* **Description of the task**
Each entry must be restated word for word, with nothing omitted.

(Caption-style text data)
Content starts
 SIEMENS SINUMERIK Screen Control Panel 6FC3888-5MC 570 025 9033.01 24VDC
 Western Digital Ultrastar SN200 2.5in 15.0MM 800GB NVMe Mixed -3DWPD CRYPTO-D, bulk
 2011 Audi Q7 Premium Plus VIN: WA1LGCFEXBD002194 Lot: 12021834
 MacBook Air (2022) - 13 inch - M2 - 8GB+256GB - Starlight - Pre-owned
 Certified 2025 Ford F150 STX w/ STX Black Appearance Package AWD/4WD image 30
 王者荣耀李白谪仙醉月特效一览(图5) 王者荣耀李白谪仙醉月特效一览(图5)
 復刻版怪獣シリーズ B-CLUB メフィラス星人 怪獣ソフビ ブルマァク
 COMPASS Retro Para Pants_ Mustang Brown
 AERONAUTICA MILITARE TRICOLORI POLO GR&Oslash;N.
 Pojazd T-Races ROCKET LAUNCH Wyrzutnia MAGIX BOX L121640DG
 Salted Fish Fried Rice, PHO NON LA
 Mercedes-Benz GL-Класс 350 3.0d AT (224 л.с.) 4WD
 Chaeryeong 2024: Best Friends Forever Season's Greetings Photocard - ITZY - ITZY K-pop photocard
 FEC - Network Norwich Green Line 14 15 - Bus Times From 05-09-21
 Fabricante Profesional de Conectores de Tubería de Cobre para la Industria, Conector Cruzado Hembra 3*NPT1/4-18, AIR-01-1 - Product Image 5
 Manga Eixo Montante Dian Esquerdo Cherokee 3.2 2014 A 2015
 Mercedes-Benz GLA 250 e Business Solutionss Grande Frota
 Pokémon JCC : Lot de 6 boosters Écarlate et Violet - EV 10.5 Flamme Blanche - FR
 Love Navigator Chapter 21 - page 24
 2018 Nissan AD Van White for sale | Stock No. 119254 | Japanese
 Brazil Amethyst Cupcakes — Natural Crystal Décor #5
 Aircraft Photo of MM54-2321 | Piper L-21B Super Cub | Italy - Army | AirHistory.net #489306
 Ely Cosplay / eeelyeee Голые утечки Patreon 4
Content ends
* **Response for this exercise**
 SIEMENS SINUMERIK Screen Control Panel 6FC3888-5MC 570 025 9033.01 24VDC
 Western Digital Ultrastar SN200 2.5in 15.0MM 800GB NVMe Mixed -3DWPD CRYPTO-D, bulk
 2011 Audi Q7 Premium Plus VIN: WA1LGCFEXBD002194 Lot: 12021834
 MacBook Air (2022) - 13 inch - M2 - 8GB+256GB - Starlight - Pre-owned
 Certified 2025 Ford F150 STX w/ STX Black Appearance Package AWD/4WD image 30
 王者荣耀李白谪仙醉月特效一览(图5) 王者荣耀李白谪仙醉月特效一览(图5)
 復刻版怪獣シリーズ B-CLUB メフィラス星人 怪獣ソフビ ブルマァク
 COMPASS Retro Para Pants_ Mustang Brown
 AERONAUTICA MILITARE TRICOLORI POLO GR&Oslash;N.
 Pojazd T-Races ROCKET LAUNCH Wyrzutnia MAGIX BOX L121640DG
 Salted Fish Fried Rice, PHO NON LA
 Mercedes-Benz GL-Класс 350 3.0d AT (224 л.с.) 4WD
 Chaeryeong 2024: Best Friends Forever Season's Greetings Photocard - ITZY - ITZY K-pop photocard
 FEC - Network Norwich Green Line 14 15 - Bus Times From 05-09-21
 Fabricante Profesional de Conectores de Tubería de Cobre para la Industria, Conector Cruzado Hembra 3*NPT1/4-18, AIR-01-1 - Product Image 5
 Manga Eixo Montante Dian Esquerdo Cherokee 3.2 2014 A 2015
 Mercedes-Benz GLA 250 e Business Solutionss Grande Frota
 Pokémon JCC : Lot de 6 boosters Écarlate et Violet - EV 10.5 Flamme Blanche - FR
 Love Navigator Chapter 21 - page 24
 2018 Nissan AD Van White for sale | Stock No. 119254 | Japanese
 Brazil Amethyst Cupcakes — Natural Crystal Décor #5
 Aircraft Photo of MM54-2321 | Piper L-21B Super Cub | Italy - Army | AirHistory.net #489306
 Ely Cosplay / eeelyeee Голые утечки Patreon 4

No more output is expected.